[Date Prev][Date Next][Thread Prev][Thread Next][Date Index][Thread Index]
Re: stat: added features: `--files0-from=FILE', `--digest-type=WORD' and
From: |
Stefan Vargyas |
Subject: |
Re: stat: added features: `--files0-from=FILE', `--digest-type=WORD' and `--quoting-style=WORD' |
Date: |
Thu, 22 May 2014 07:05:17 -0700 (PDT) |
> Date: Thu, 22 May 2014 12:28:22 +0100
> From: Pádraig_Brady <address@hidden>
> Subject: Re: stat: added features: `--files0-from=FILE', `--digest-type=WORD'
> join -j2 <(stat -c '%s %n' /bin/ls /bin/cp | sort) <(sha1sum /bin/cp
> /bin/ls | sort)
> tr '\n' '\1' |
> sort |
> uniq -u ...
Your remarks are correct iff stat and sha1sum output *are* able to produce
consistently joinable outputs. However when attempting to employ such usage
patterns into *generally usable scripts*, one has to take care of possible
inconsistencies (leading to bugs!) occurring when file names contain SPACE,
TAB, NL and other such chars.
A solution would be to impose TAB only as field separator -- thus ensuring that
it cannot appear anywhere else. Then one might invoke join with "-t $'\t'". With
this condition, it should be clearer why the need of '--quoting-style=escape'
and '--digest-type=sha1' options and of '%S' format specifier for stat.

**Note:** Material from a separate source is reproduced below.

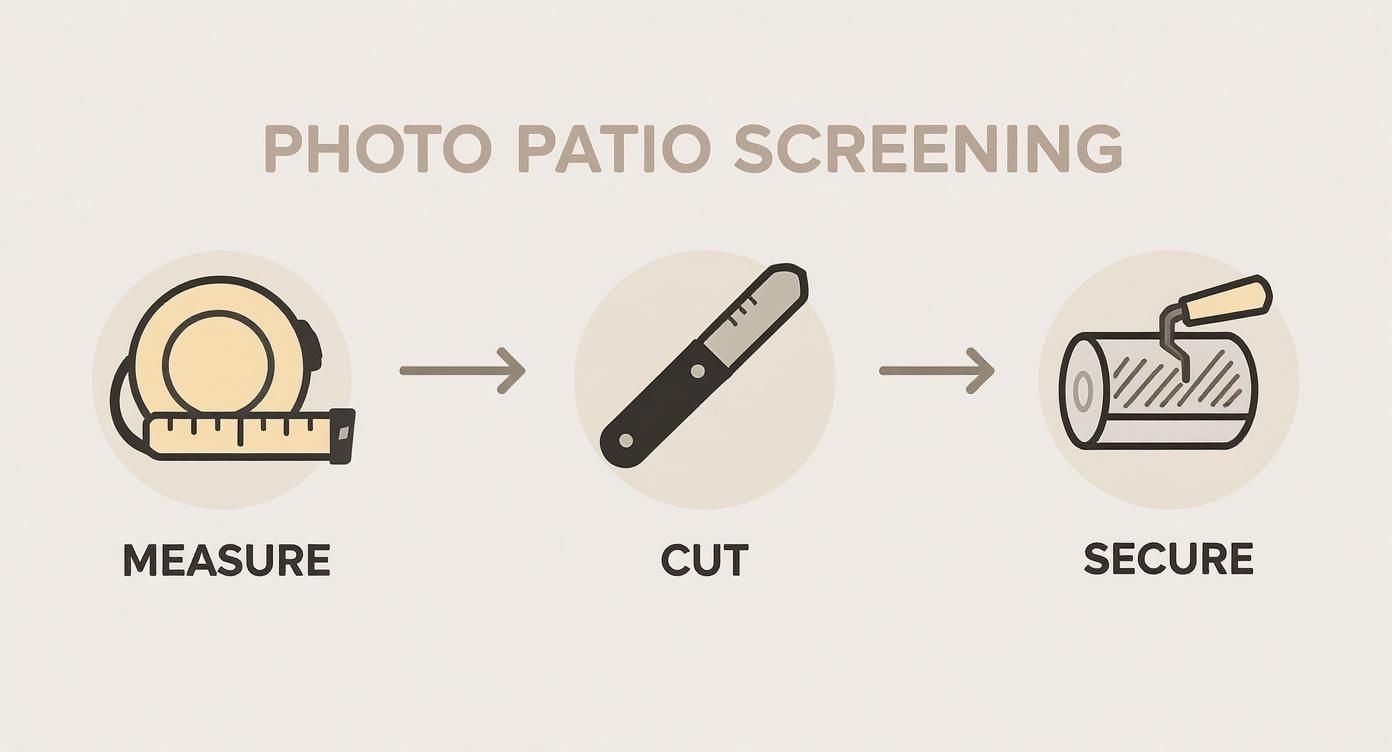 Illustration showing a three-step process for patio screening: measure, cut, and secure.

> There is no advantage of supporting this option in stat
> as that is only useful when a command needs to process all
> file names in a _single invocation_, like when sorting or accumulating etc.
> For stat one can efficiently:
>
> find ... -print 0 | xargs -r0 stat ...
>
> or
>
> find ... -exec stat {} +
One meaningful reason for single invocation is efficiency. The input to stat
can be huge (and in my initially evoked scenario in fact often is!) -- and
that possible large amount of data propagates downward the multiple pipelines
and fifos of your scenario above.
> Note also that sort has the --zero-terminated option, as do newer versions of
> join and uniq.
The fanciful '-0|--null' options refers to both input and output of sort. The
existing '-z|--zero-terminated' -- only to sort's output.
> This could be useful, however there is already the %N option for quoted file
> name.
>
> $ stat -c %N /bin/ls
> ‘/bin/ls’
> $ LANG=C src/stat -c %N /bin/ls
> '/bin/ls'
Recall the claimed consistency from above. In case of symlinks, %N produces
output like the one below:
$ touch /tmp/foo
$ ln -sv /tmp/foo /tmp/bar
`/tmp/bar' -> `/tmp/foo'
$ stat -c %N /tmp/bar
`/tmp/bar' -> `/tmp/foo'
$
Also, in case of symlinks, the digest sum computing programs do follow the
links, i.e. they actually compute digests for the content of the file to which
the symlink file points to:
$ sha1sum /tmp/foo /tmp/bar
da39a3ee5e6b4b0d3255bfef95601890afd80709 /tmp/foo
da39a3ee5e6b4b0d3255bfef95601890afd80709 /tmp/bar
The semantics of %S in the proposed patches is different however: the new stat
produces the digest of the *content* of the file itself. In case of symlinks
that content is obtained via 'areadlink_with_size':
$ stat2 -c '%S %n' /tmp/foo /tmp/bar
da39a3ee5e6b4b0d3255bfef95601890afd80709 /tmp/foo
469150566bd728fc90b4adf6495202fd70ec3537 /tmp/bar
Note that the STAT_* files of my initial usage scenario do have an intrinsic
value of themselves -- not only that of providing the means for verifying the
correctness of making ISO files or of burning DVDs. These files keep a quite
faithful record of content of the file system itself.
With many thanks for your thorough response,
Stefan Vargyas.